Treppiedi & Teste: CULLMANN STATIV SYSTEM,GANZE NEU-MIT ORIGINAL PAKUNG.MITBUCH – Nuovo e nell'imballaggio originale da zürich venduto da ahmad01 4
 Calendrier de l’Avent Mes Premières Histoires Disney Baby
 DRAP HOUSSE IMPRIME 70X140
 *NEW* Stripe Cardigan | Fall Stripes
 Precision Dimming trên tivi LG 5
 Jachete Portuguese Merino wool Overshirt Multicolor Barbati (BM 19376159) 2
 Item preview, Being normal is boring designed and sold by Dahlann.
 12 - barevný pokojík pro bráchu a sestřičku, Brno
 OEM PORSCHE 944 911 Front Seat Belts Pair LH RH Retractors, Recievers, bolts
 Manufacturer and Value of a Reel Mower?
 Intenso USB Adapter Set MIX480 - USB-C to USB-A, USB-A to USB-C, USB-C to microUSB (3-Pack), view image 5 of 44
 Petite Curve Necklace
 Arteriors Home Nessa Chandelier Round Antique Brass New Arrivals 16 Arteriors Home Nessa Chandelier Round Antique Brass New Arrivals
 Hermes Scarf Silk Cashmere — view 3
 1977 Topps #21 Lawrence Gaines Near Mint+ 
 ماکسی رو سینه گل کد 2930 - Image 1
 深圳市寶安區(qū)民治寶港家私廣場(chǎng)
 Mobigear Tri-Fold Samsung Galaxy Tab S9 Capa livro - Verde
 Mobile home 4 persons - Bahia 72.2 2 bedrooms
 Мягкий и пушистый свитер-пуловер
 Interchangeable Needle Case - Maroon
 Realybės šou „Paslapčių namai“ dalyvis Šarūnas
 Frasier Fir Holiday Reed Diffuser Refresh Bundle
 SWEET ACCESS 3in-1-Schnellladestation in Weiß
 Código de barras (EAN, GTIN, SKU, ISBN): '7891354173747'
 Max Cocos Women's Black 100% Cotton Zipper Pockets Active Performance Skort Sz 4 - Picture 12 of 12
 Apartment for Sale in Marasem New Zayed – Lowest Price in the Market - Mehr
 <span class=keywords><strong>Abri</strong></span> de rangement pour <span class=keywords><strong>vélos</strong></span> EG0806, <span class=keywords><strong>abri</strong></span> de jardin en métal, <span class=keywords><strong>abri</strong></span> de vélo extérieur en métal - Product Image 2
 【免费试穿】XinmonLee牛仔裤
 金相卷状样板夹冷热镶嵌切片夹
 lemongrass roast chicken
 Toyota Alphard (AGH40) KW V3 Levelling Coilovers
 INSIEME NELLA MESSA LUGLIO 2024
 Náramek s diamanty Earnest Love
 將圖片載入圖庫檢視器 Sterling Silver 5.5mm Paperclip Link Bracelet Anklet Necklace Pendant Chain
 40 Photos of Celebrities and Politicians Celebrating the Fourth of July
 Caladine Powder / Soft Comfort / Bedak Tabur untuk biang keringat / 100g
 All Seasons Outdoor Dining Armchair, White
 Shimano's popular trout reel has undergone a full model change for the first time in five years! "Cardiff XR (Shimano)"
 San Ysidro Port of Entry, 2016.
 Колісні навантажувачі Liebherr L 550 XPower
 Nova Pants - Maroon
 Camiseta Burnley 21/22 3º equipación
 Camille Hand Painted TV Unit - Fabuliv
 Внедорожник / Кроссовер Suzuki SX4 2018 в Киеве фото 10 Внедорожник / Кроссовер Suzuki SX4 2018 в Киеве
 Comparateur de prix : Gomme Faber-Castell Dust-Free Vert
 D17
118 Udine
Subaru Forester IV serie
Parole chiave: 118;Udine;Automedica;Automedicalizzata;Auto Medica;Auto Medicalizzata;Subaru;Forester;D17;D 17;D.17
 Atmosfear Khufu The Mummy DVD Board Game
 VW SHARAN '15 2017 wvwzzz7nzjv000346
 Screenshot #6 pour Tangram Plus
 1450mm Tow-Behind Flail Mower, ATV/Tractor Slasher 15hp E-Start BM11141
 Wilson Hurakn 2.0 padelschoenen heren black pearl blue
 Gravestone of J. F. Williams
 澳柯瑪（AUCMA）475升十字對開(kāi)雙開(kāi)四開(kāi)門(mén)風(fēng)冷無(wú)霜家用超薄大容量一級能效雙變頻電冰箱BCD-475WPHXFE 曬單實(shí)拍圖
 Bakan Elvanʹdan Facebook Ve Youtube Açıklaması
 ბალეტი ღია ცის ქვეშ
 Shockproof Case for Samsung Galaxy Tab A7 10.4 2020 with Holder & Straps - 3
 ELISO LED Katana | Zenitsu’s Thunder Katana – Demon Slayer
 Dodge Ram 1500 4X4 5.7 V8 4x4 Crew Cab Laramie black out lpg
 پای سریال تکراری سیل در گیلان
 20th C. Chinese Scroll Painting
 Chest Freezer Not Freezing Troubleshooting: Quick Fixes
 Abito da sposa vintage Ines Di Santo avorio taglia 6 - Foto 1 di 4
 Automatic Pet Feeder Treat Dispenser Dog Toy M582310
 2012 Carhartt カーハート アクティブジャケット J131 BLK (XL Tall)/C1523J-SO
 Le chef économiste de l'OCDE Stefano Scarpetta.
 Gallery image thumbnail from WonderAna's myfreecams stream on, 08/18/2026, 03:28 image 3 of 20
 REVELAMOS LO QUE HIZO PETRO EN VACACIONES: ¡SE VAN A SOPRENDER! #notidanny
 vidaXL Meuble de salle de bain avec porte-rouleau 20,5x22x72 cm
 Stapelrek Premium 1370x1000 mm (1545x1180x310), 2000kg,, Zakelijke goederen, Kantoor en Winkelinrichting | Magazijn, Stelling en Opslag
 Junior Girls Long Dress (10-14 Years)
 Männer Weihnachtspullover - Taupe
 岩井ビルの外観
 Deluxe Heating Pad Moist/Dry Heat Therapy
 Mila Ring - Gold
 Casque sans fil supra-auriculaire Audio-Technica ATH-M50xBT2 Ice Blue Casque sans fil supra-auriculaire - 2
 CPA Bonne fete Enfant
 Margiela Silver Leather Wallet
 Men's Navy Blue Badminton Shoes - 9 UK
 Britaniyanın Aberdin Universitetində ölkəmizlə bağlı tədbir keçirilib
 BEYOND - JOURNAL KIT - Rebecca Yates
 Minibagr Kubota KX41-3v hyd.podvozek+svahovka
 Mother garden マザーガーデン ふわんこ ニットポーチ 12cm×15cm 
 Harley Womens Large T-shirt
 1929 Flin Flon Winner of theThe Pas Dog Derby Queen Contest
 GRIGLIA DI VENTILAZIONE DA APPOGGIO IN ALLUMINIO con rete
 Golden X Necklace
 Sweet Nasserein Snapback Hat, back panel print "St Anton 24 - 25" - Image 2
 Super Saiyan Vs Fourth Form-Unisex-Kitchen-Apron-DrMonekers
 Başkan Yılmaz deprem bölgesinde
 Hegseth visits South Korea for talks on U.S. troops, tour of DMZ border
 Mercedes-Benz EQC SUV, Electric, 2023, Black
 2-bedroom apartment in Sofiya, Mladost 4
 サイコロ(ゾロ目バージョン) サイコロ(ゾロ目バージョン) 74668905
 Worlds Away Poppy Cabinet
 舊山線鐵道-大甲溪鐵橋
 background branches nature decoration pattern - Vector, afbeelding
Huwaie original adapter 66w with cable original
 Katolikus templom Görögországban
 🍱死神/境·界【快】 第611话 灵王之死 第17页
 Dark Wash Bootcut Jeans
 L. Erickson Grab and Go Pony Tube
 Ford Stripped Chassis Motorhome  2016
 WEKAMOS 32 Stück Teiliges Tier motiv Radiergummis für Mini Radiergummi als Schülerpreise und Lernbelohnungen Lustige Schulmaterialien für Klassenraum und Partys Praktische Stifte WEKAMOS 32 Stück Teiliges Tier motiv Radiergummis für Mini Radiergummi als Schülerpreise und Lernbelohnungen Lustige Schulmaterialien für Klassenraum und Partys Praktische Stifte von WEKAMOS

> EXERCISE AIM
Could you return exactly the stretch of the data above that starts at the line with "Apartment for Sale" and ends at the line with "lemongrass roast chicken", both lines included?

> ANSWER BOX
 Apartment for Sale in Marasem New Zayed – Lowest Price in the Market - Mehr
 <span class=keywords><strong>Abri</strong></span> de rangement pour <span class=keywords><strong>vélos</strong></span> EG0806, <span class=keywords><strong>abri</strong></span> de jardin en métal, <span class=keywords><strong>abri</strong></span> de vélo extérieur en métal - Product Image 2
 【免费试穿】XinmonLee牛仔裤
 金相卷状样板夹冷热镶嵌切片夹
 lemongrass roast chicken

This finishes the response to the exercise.